Open anidiatm41 opened 4 years ago
FYI..generated vocab file is 290 KB.
How big is the input file? It happened to me before that I had too many documents in one file and it just didn't write anything to the tfrecord file. Maybe try to split the input file into smaller ones and see if it works!
i have the same problem, how to solve it?

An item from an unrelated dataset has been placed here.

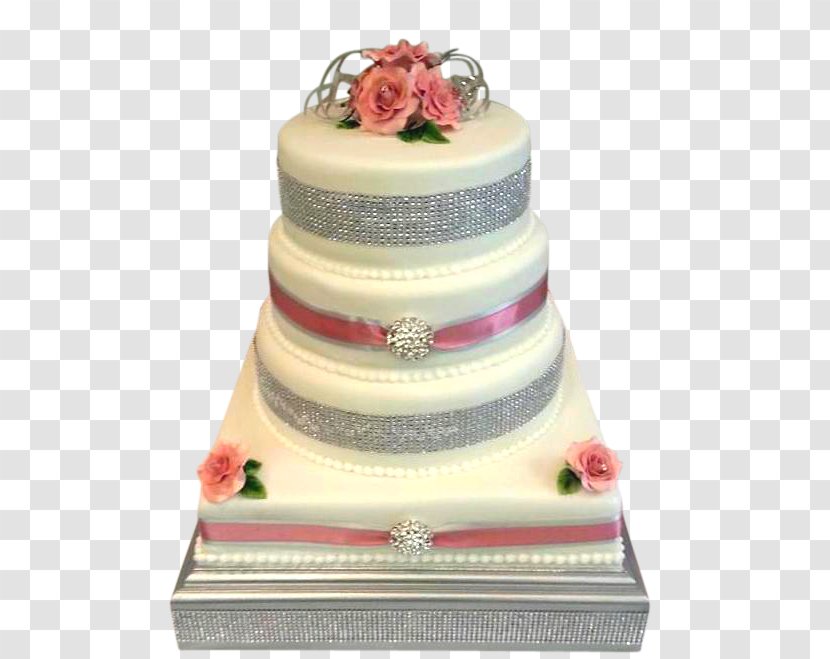 Wedding Cake Frosting & Icing Sugar Torte Birthday - Ceremony Supply Transparent PNG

I am writing a custom BERT model on my own corpus, I generated the vocab file using BertWordPieceTokenizer and then running below code :+1:
!python create_pretraining_data.py \ --input_file=/content/drive/My Drive/internet_archive_scifi_v3.txt \ --output_file=/content/sample_data/tf_examples.tfrecord \ --vocab_file=/content/sample_data/sifi_13sep-vocab.txt \ --do_lower_case=True \ --max_seq_length=128 \ --max_predictions_per_seq=20 \ --masked_lm_prob=0.15 \ --random_seed=12345 \ --dupe_factor=5
Getting output as :
INFO:tensorflow: Reading from input files INFO:tensorflow: Writing to output files INFO:tensorflow: /content/sample_data/tf_examples.tfrecord INFO:tensorflow:Wrote 0 total instances
Not sure why I am always getting 0 instances in tf_examples.tfrecord, what am I doing wrong?
I am using TF version 1.12